What is needed ▸ Leave out the pictures and output the data verbatim.

Recorded data ▸
####################

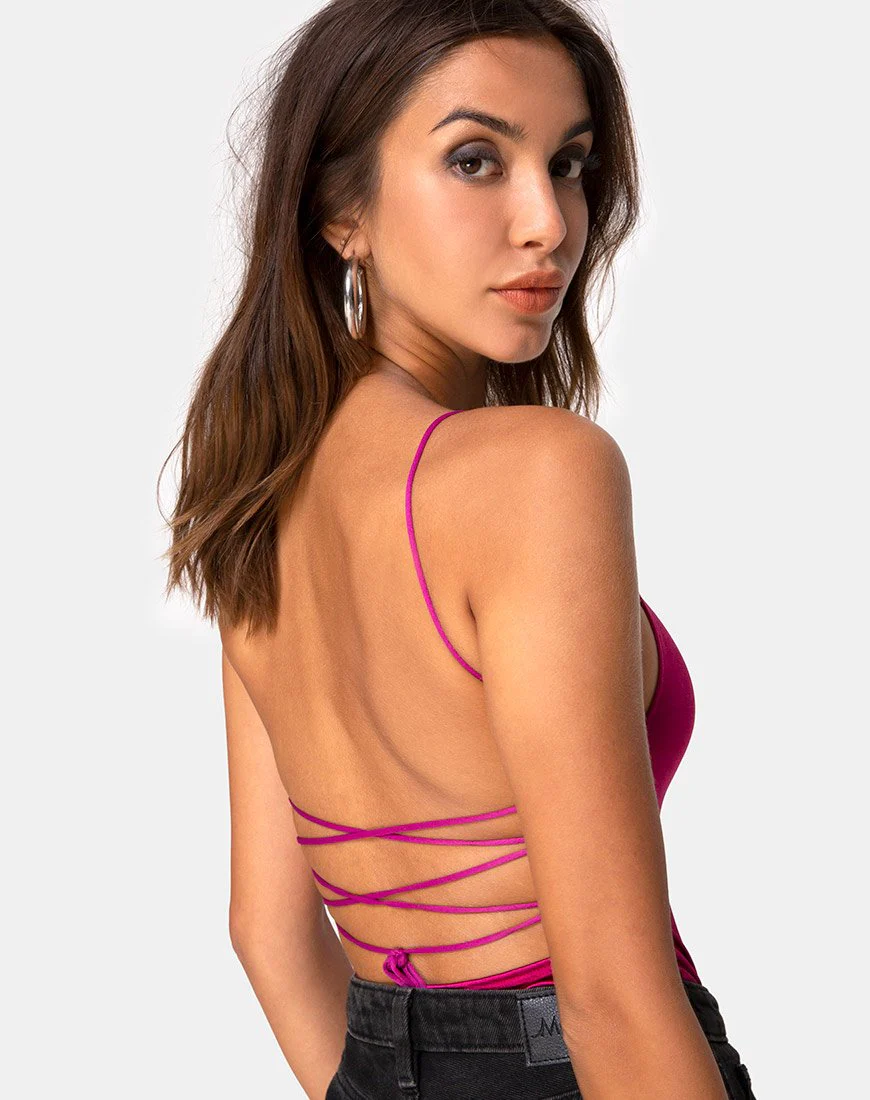 Koza Mieder aus Satin Magenta - Image 2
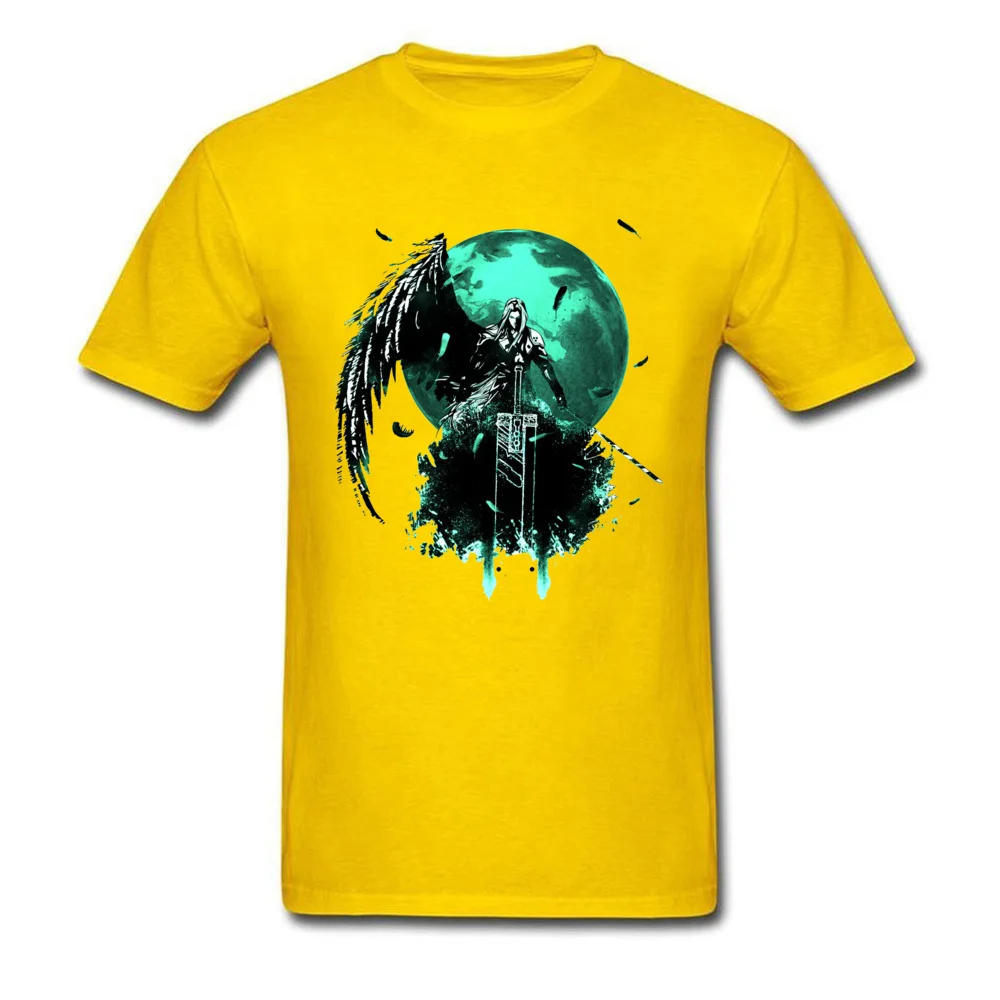 Round Collar Final-Fantasy0621 100% Cotton Adult T Shirts Fitness Tight Short Sleeve Tops & Tees 2018 Fashion Casual Tops Shirt Final-Fantasy0621 yellow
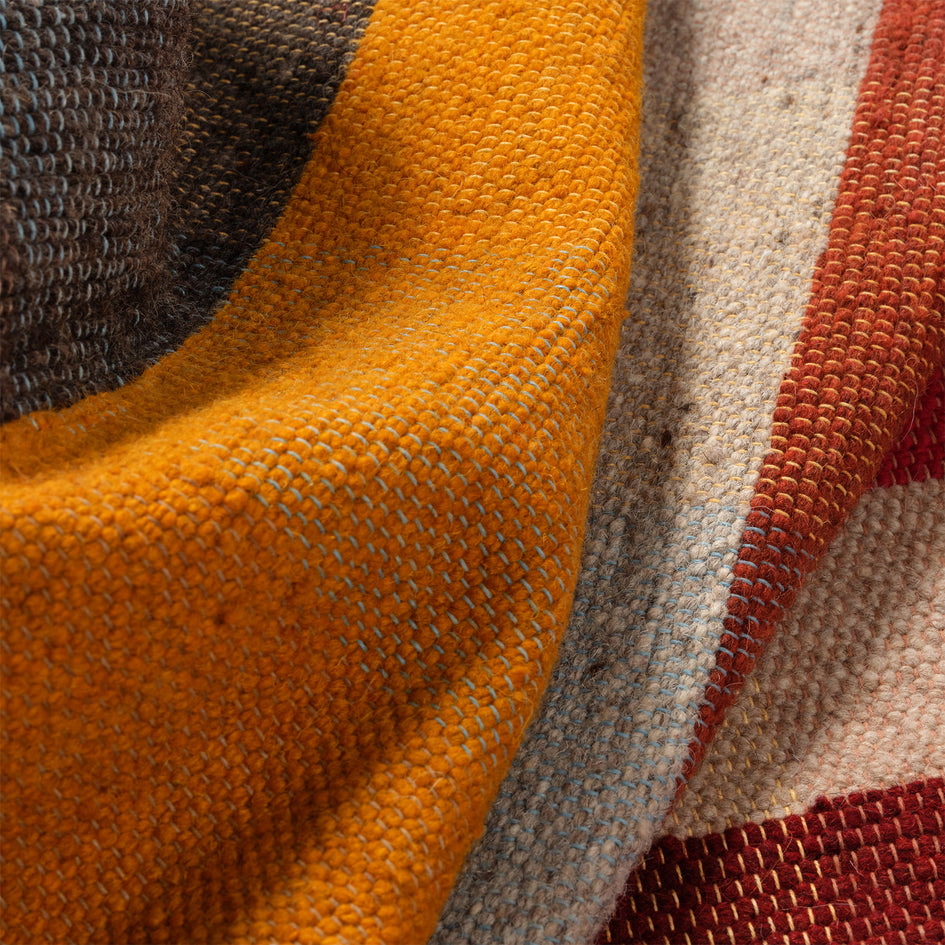 Wool Remnant Hand Woven Rug 2 Image 2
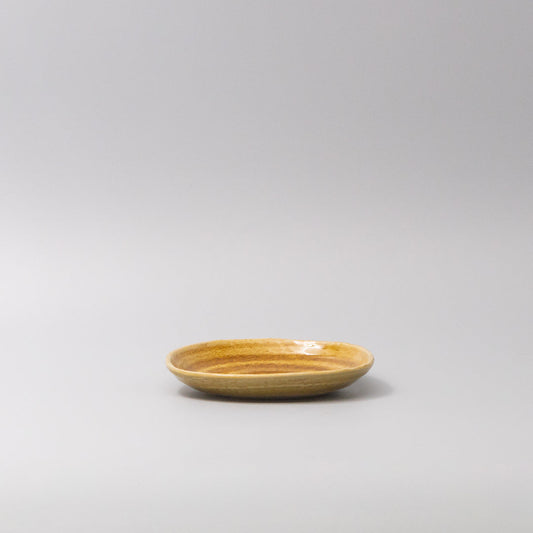 Plate 13.5cm Amane Amber Glaze - Image 2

####################

Response to this exercise ▸
 Koza Mieder aus Satin Magenta - Image 2
 Round Collar Final-Fantasy0621 100% Cotton Adult T Shirts Fitness Tight Short Sleeve Tops & Tees 2018 Fashion Casual Tops Shirt Final-Fantasy0621 yellow
 Wool Remnant Hand Woven Rug 2 Image 2
 Plate 13.5cm Amane Amber Glaze - Image 2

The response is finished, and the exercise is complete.